31 marzo 2015
Leïla se divierte pasando una rama de un árbol por el muro. Uno dos tres, va contando, cuatro, cinco, seis… Solo tiene seis añitos y en el cole ya les están enseñando a contar, y como Leïla será una mujer inteligente, despierta y curiosa, ha aprendido a contar hasta cien mucho antes que sus compañeros. Sigue recorriendo este muro mientras da pequeños saltos y la rama se va despellejando en el extremo, soportando a duras penas el roce contra el gris cemento.
En este muro hay algunas pintadas, pero Leïla, aunque sabe leer, no se para a mirarlas a menos que tengan colores llamativos o algún dibujo bonito. Pero es raro, la mayoría solo muestran consignas, quejas, gritos, frases hechas, frases bonitas, reclamos al cielo. Leïla sigue recorriendo el muro, sin preguntarse qué divide porque su conciencia de niña pequeña no le permite ver que los muros dividen, que se levantaron con un propósito mucho más duro que el de aliviar su aburrimiento matutino. Para ella, ese muro es tan inocente como las paredes de su casa, y quién sabe si no se sentirá en realidad protegida por ellos, más que encerrada.
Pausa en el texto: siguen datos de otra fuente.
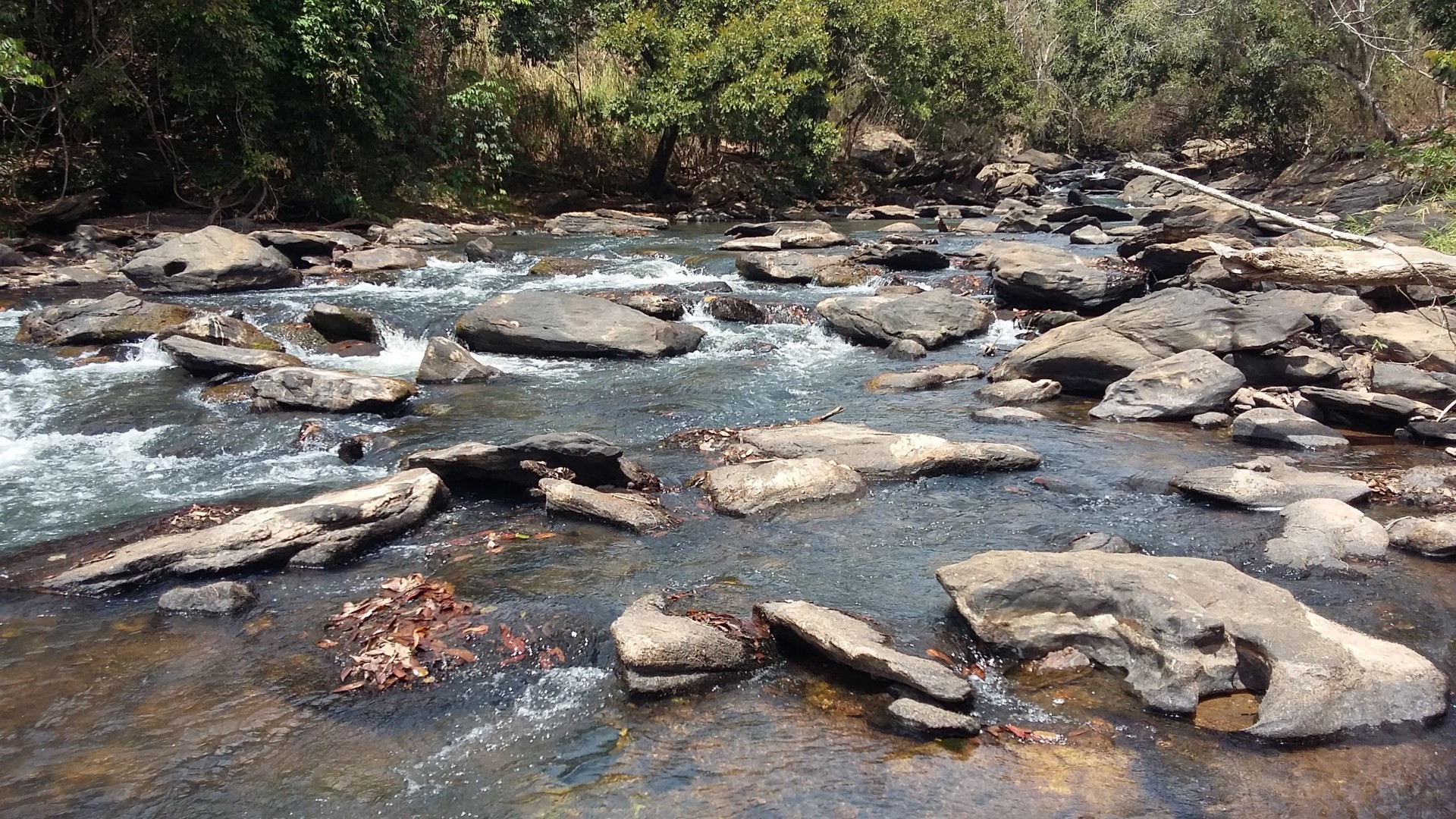 Areião do Zé Camilo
Leïla termina por llegar a un esquina, porque ese muro da una especie de rodeo que forma una suerte de habitación al aire libre. Apoyada en la esquina, ve a una niña más mayor, de unos 10 años, jugando con una pelota contra el muro que poco antes aguantaba su arañazo. Con la naturalidad de una niña pequeña, olvida el interés que pudiese suscitarle su rama y se acerca a ella, quien pronto le revelará que se llama Samy y que tiene en realidad doce años, no diez. Es simpática y pasan el resto de la mañana jugando juntas, a pesar de que la segunda le doble la edad. El estruendo que hacen los señores con cascos que construyen ese muro que las protege no parece molestarles, y su risa casi se oye por encima de las montañas. Por fin, Leïla ha encontrado una amiga con la que sentirse a gusto, de igual a igual.
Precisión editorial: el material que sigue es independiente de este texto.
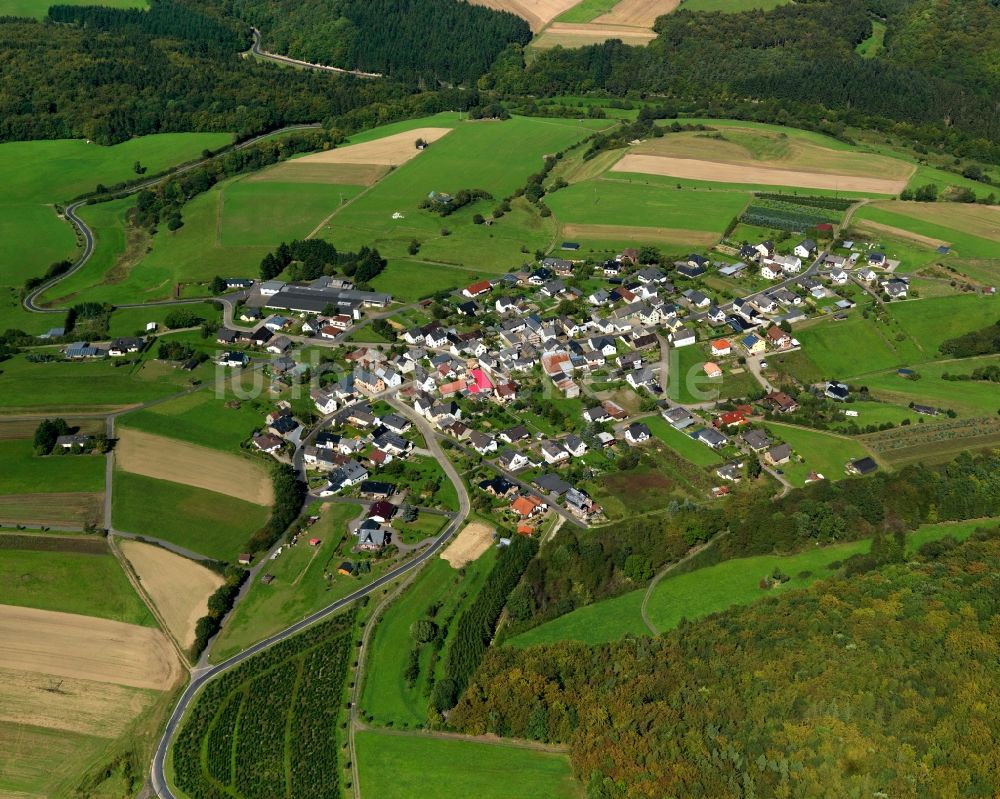 Luftbild Münk - Ortsansicht der Ortsgemeinde Münk im Bundesland Rheinland-Pfalz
Al día siguiente, Leïla se despierta muy contenta de saber que tiene una nueva amiga para jugar esas vacaciones. Recuerda cómo Samy compartió con ella su preciosa pelota y le enseñó gran cantidad de juegos, y cómo se reían cada vez que oía el estruendo de las obras del muro diciendo que era la tierra, que se había tirado un pedo. Cuando llega al punto donde el día anterior torció a la derecha para entrar en ese reducto que aún quedaba abierto, encuentra el muro enorme, gris, imponente y macizo que la separa del otro lado y, con la naturalidad propia de una niña de 6 años, llama con los nudillos convencida de que, como todas las puertas del mundo, se abrirá para dejarla pasar al otro lado y seguir disfrutando con su nueva amiga en la que ya es su parte favorita de Belén.